#### 3.1. Numerical Modeling Framework

[18] The geomorphic evolution of the central Rockies is controlled primarily by fluvial incision patterns that respond to the tectonic and climatic drivers described above. To explore quantitatively the implications of these proposed forcing mechanisms, we develop and apply a numerical model of regional stream incision for the eastern slope of the central Rockies and compare its predictions with two documented, broad-scale patterns of geomorphic change: Quaternary fluvial incision rates [*Dethier*, 2001] and total erosion since the middle to late Tertiary [*McMillan et al.*, 2006]. While glacial erosion has impacted the highest elevations in the landscape in the Quaternary, we focus on downstream areas and timescales longer than glacial-interglacial cycles. Therefore we do not attempt to model headwater glaciers and their associated erosional, sedimentological and hydrological effects.

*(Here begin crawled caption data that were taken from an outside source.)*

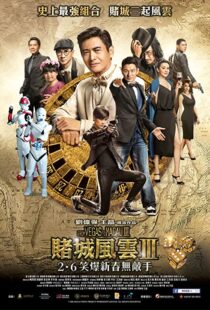 دانلود فیلم From Vegas to Macau III 2016111134-1052973302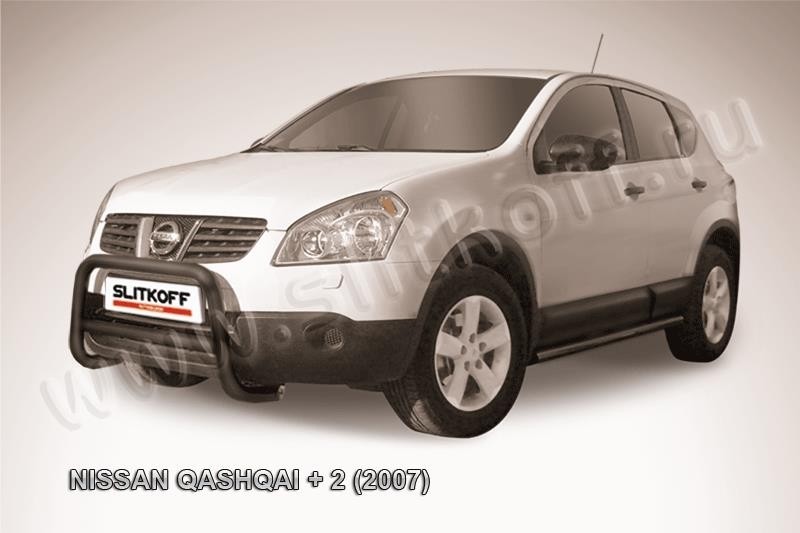 Slitkoff NIQ2004B кенгурятник d57 низкий черный Nissan Qashqai +2 (2007)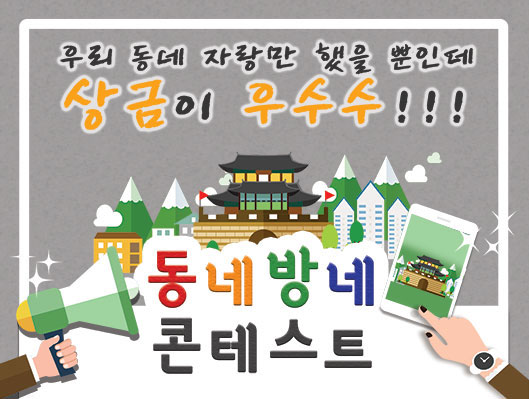 동네방네 콘테스트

[19] The model is structured to incorporate several important aspects of the landscape and its geologic history.

[20] 1. The streams cross dramatically different lithologies as they flow from the crystalline ranges into the highly erodible sedimentary basins (Figure 1).

[21] 2. The ranges and basins reside in close proximity, and therefore exhumation of one range-basin pair may drive isostatic uplift that influences exhumation of nearby pairs (e.g., exhumation of the Bighorn basin may result in isostatic uplift of that basin and nearby basins such as the Wind River basin).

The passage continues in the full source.